Intelligence analysis with NLP
A few weeks ago, I hit the submit button to send off our Feasibility Study to the Department of Innovation, successfully concluding the first phase of the Business Research Innovation Initiative.
We had been invited to test the feasibility of our proposed platform for AUSTRAC (the Australian Transaction Reporting Centre) and ACIC (the Australian Criminal Intelligence Commission) to track which of their intelligence reports were being read, and by whom.
Specifically, we were exploring the feasibility of a machine learning/natural language processing approach to help give these agencies better visibility of the value of their intelligence reports.
For those who don’t know, AUSTRAC is the Australian government’s specialist financial intelligence unit and the ACIC is the Commomwealth agency supporting law enforcement intelligence efforts for serious and organized crime.
These agencies are looking to snare the bad guys – drug traffickers, fraudsters, money launderers, and so on. Every day, these agencies are analysing, consolidating and publishing intelligence for their partners – agencies like the Australian Federal Police, the Attorney-General’s Department, and many others.
The trouble is, AUSTRAC and ACIC don’t really have the technical capability to understand which intelligence reports were useful to their partners, and which were not. Asking partners to provide manual feedback is unreliable, as few people have the time or the incentive to respond in a systematic fashion.
The way we saw it, there are two options for attacking the problem.
The first is to squeeze as much insight as possible from conventional metrics – i.e. metrics that don’t require the user to do anything.
There is obviously some correlation between the number of times a report is opened, and its broader value to the community. There will still be a bit of noise in these metrics – some reports are opened by mistake, others might turn out to be irrelevant after the user finishes reading, and so on. But we speculated that this noise would be relatively evenly distributed throughout the entire library of intelligence reports.
The key, therefore, would be to find some way to meaningfully aggregate metrics to show trends in interest over time – the agencies obviously don’t want to manually review every single intelligence report they ever published to understand what their partners are interested in. That’s akin to finding trending news by reading every article on every single news site on the internet – not a great use of resources. We needed to ensure that the agencies were able to see, at a glance, what types of reports were of interest to their partners.
The second option for attacking the problem is just as simple – find some way to encourage users to provide their own feedback. We want end-users to provide as much manual feedback as possible, whether rating reports on a 5-star scale, writing case summaries, or through some other mechanism.
Unfortunately, users won’t provide this feedback simply by being asked – that’s the whole reason we were involved in the first place.
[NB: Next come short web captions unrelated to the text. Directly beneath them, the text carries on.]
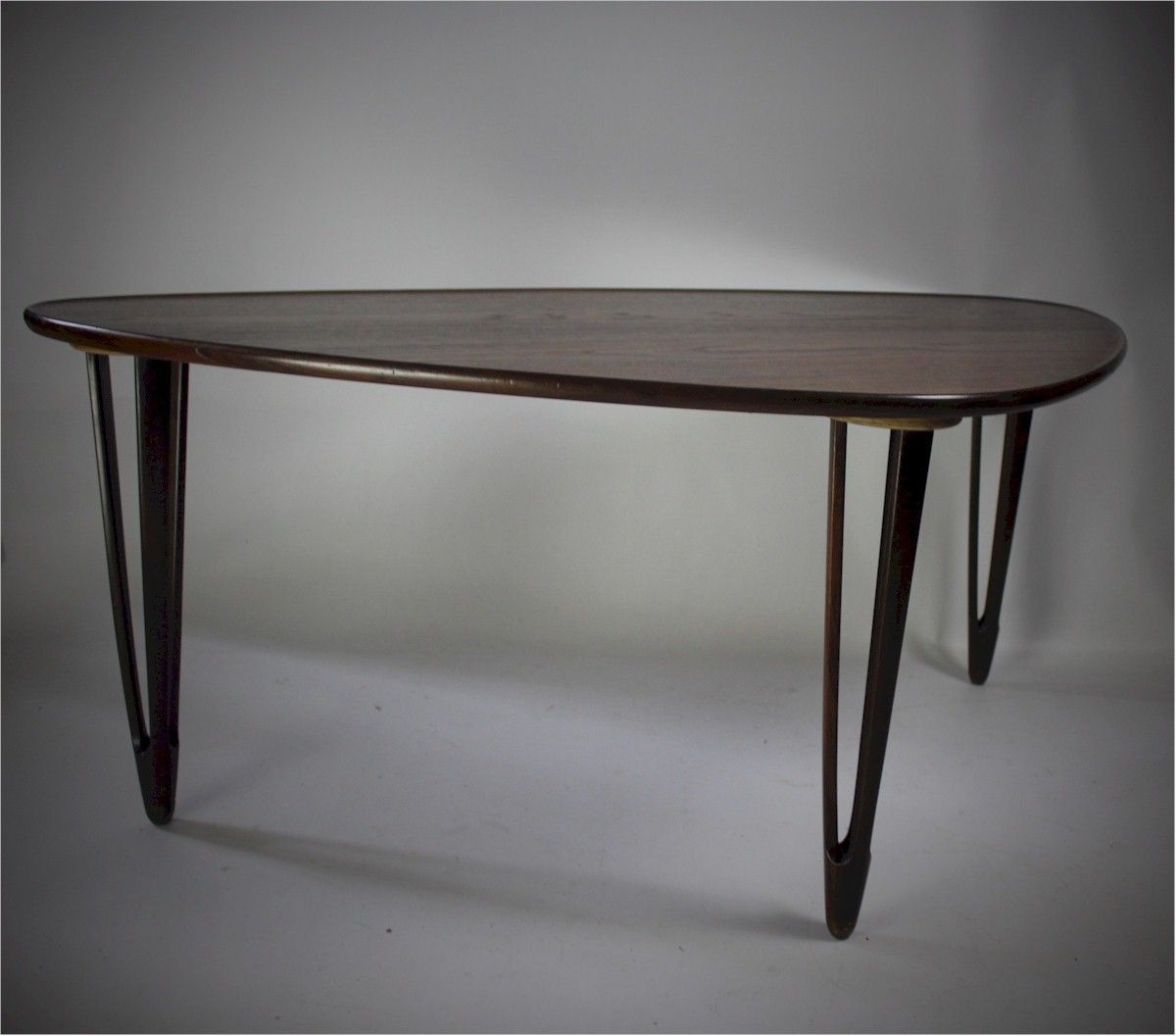 820.0 Danish Triangular Teak Coffee Table From Bc Møbler photo
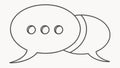 Speech Bubble Conversation Icons, vector design Generative AI Royalty Free Stock Photo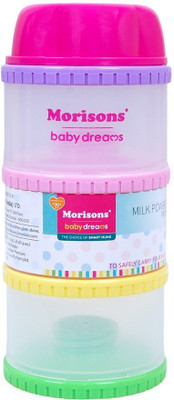 

Morisons Baby Dreams Milk powder container-premium - Durable plastic(Multicolor)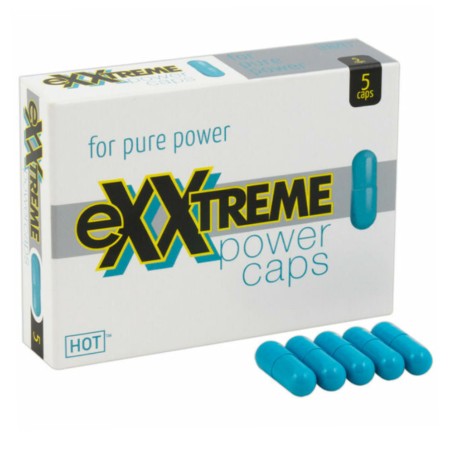 Aphrodisiaques EXXTREME POWER CAPS 5 GELULES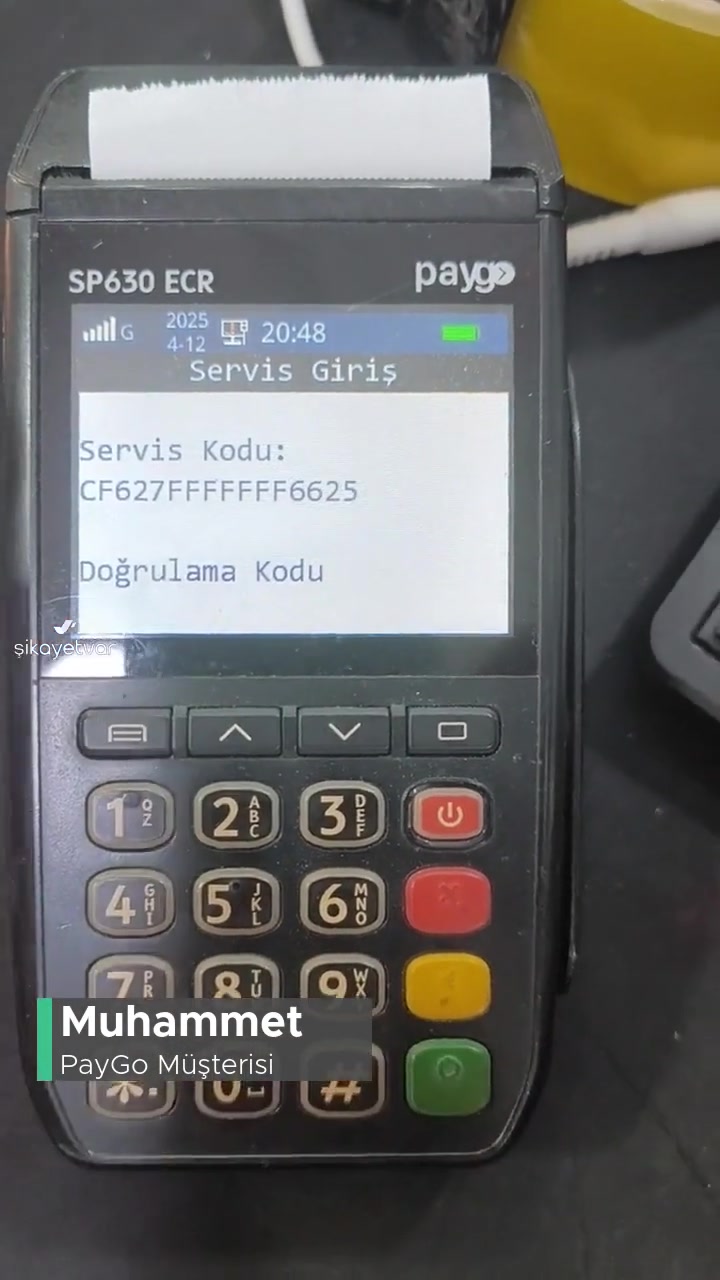 Paygo Sorunu Sp630 Ecr videonun kapak resmi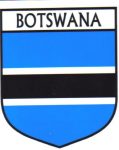 Botswana Flag Crest Decal Sticker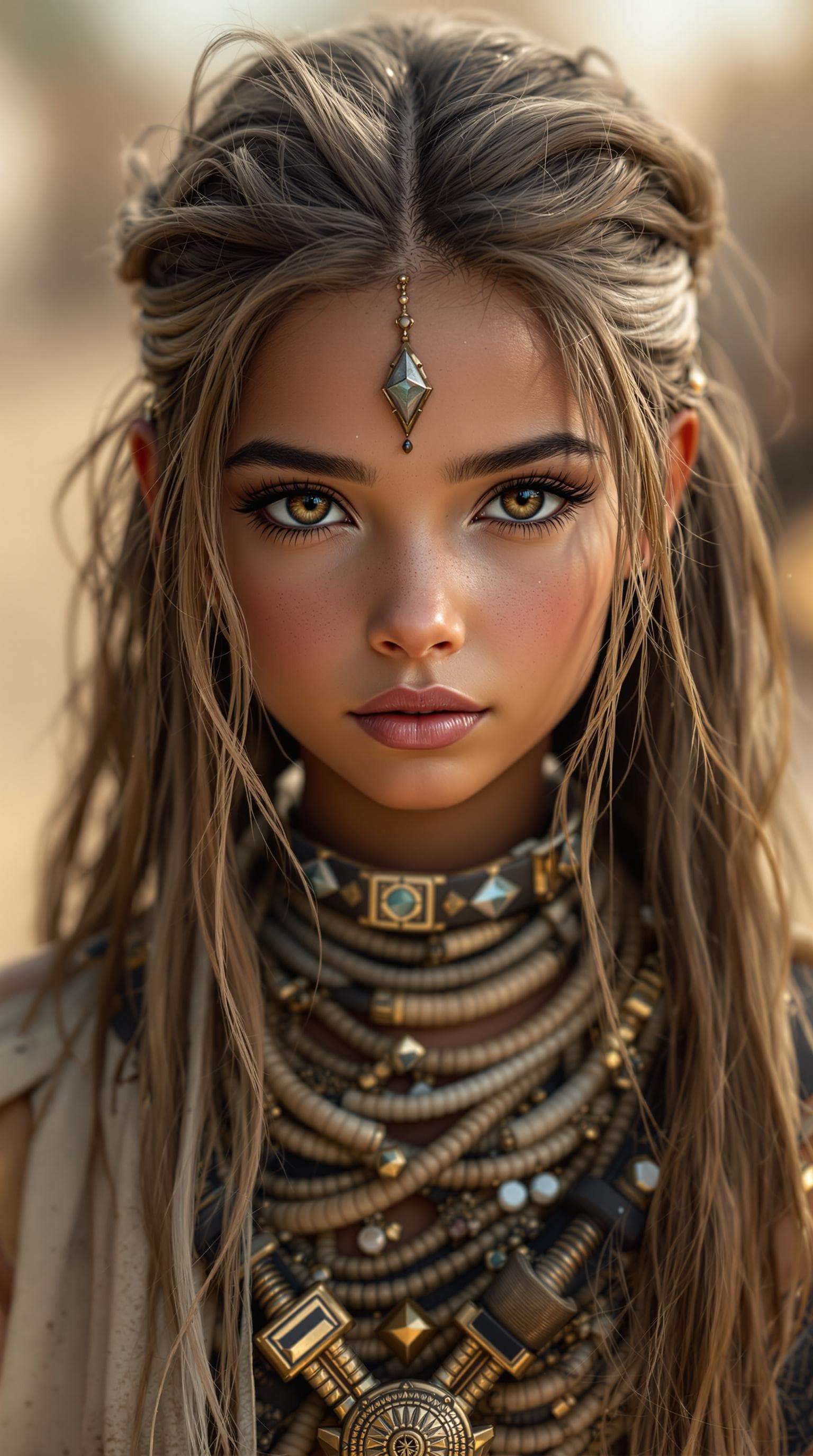 AI generated: a professional photo of a exceptionally of the most beautiful girl in the world, (age 7), Safiya (fu...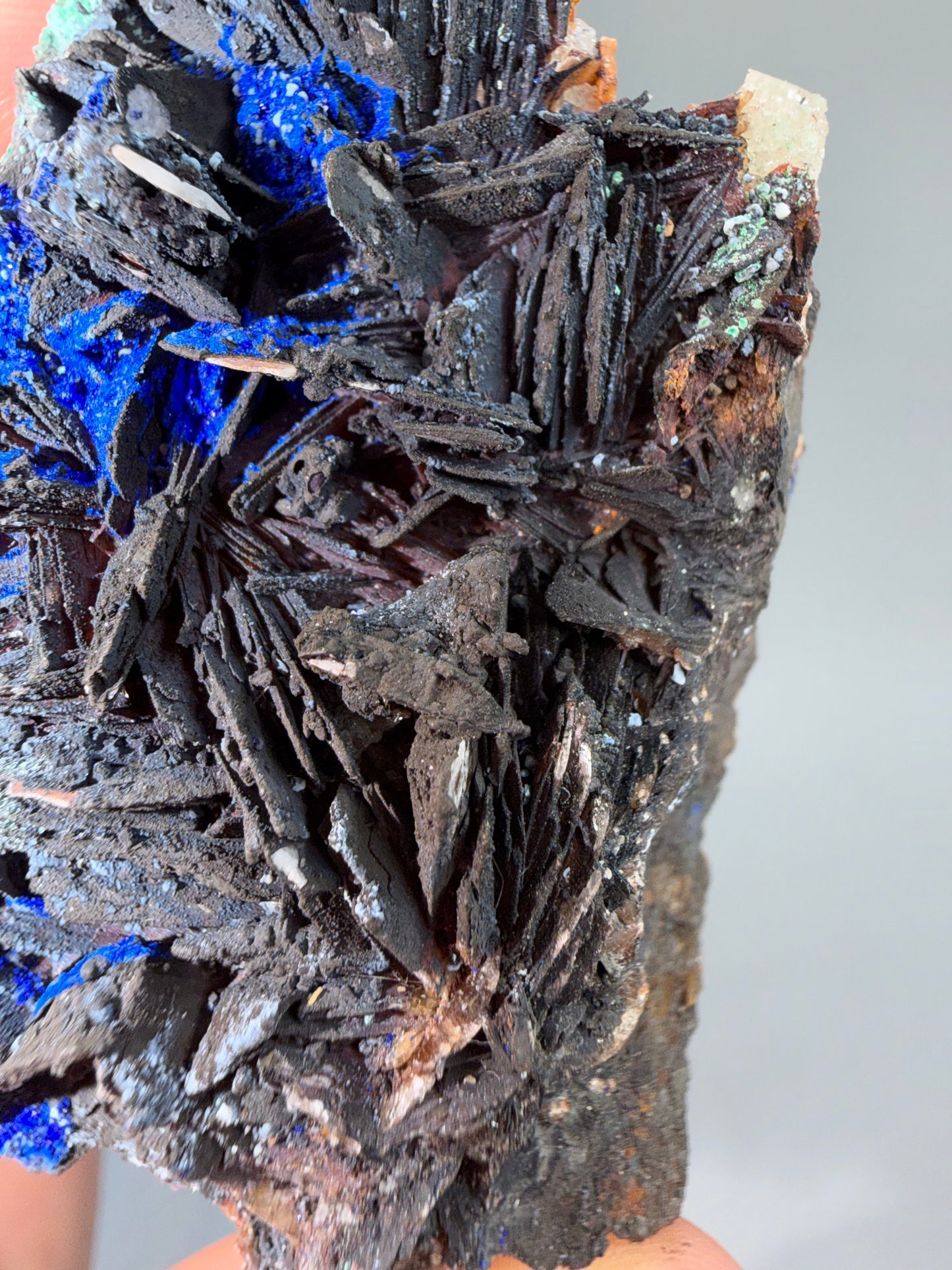 Malachite, Azurite, Barite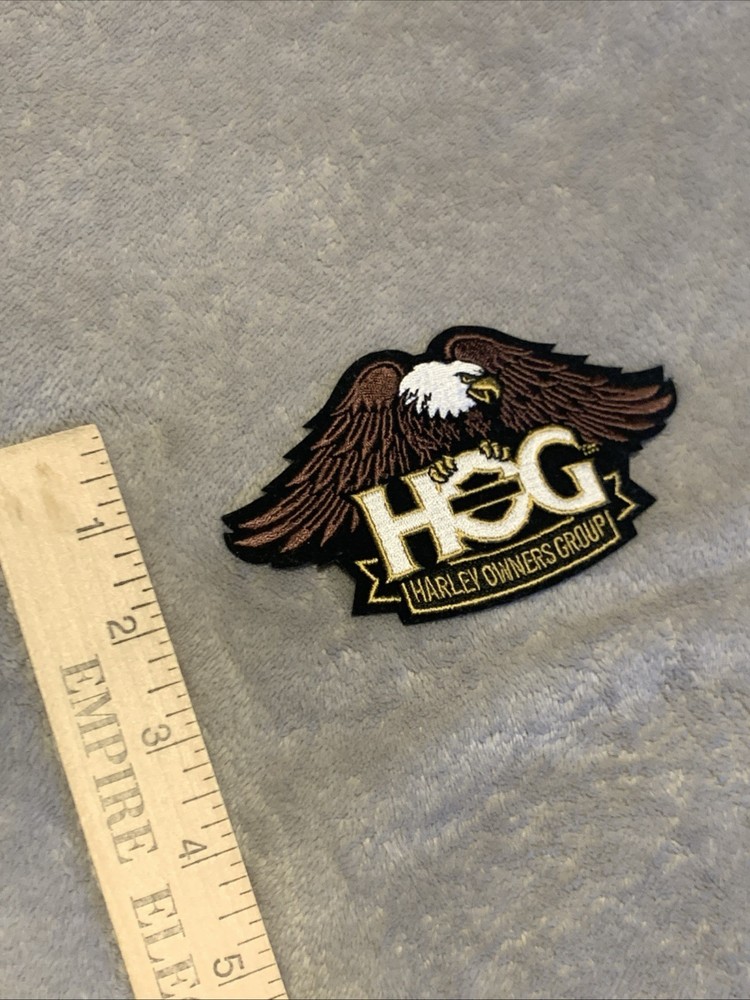 Original Eagle Gold Patch ~ Harley Davidson Owners Group HOG H.O.G. Motorcycle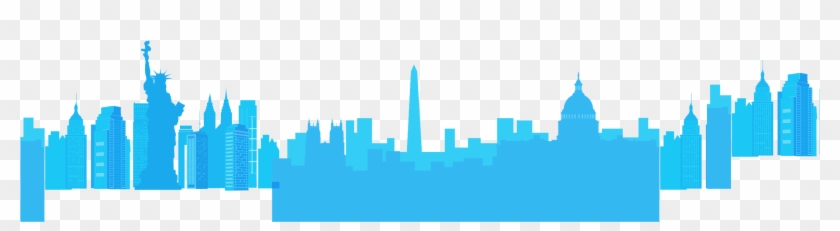 Wow, What A Ride - Statue Of Liberty Silhouette Clipart #1170694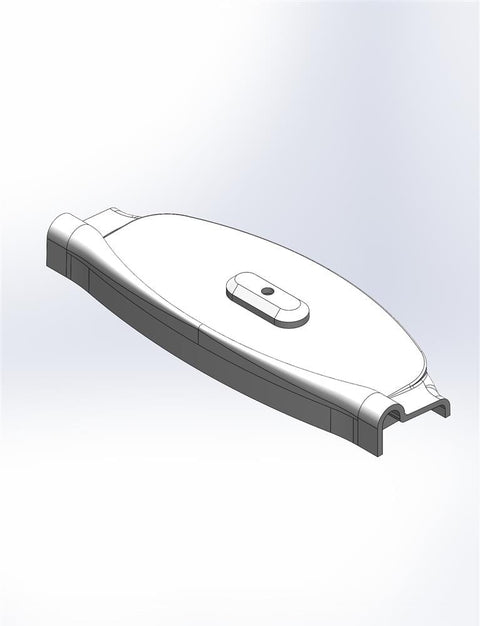 SMF Base montante centrale InOut/Alibi BIANCO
I refer to this as the “lazy user problem” – slightly unfair to describe users this way, but at least it gets the the point across.
It was important to find some way to encourage users to participate – find a good incentive so that users want to provide feedback.
We figured a good carrot-and-stick approach would be provide users with a list of “More like this” report recommendations. Since users find these valuable, the system could stop providing these recommendations once feedback drops below a certain threshold. Users could regain access with a few mouse clicks, by voting on valuable reports or giving more detailed written feedback.
We could also deal with the lazy user problem by circumventing it completely. If the system could bypass the user and automatically analyse the user’s inbox and file history, the system could fairly easily detect which intelligence reports were useful to that user. This may be impractical given certain security/implementation considerations, but we took a similar approach to prompt users to publish feedback by matching their local data against their report access history.
To achieve these objectives, we blended two conventional NLP techniques to build and test the model on a sample dataset.
The first is “Named Entity Extraction”, which basically means extracting the names people, places organizations, and so on. Examples of “named entities” in the context of AUSTRAC/ACIC intelligence reports, this might include the names of targets under investigation, criminal organizations, drug names, and so on.
The second is “Topic Modelling”, which, as the name suggests, basically refers to determining what “topic” a particular document relates to. An AUSTRAC/ACIC intelligence report, for example, might relate to a particular region, drug, or crime.
For now, it’s enough to say that we successfully showed that it was possible to use these techniques not only to aggregate access statistics, but also as a recommendation system to incentivize/prompt users to provide feedback on intelligence reports.
Over the coming days and weeks, I’ll be going into further detail as to how this can actually be done. It’s fascinating to peek under the hood and see how it all works, and I look forward to sharing this with you against the background on an actual, real-life problem.
Thanks again to the Department of Industry, Innovation and Science, AUSTRAC and the ACIC for their support.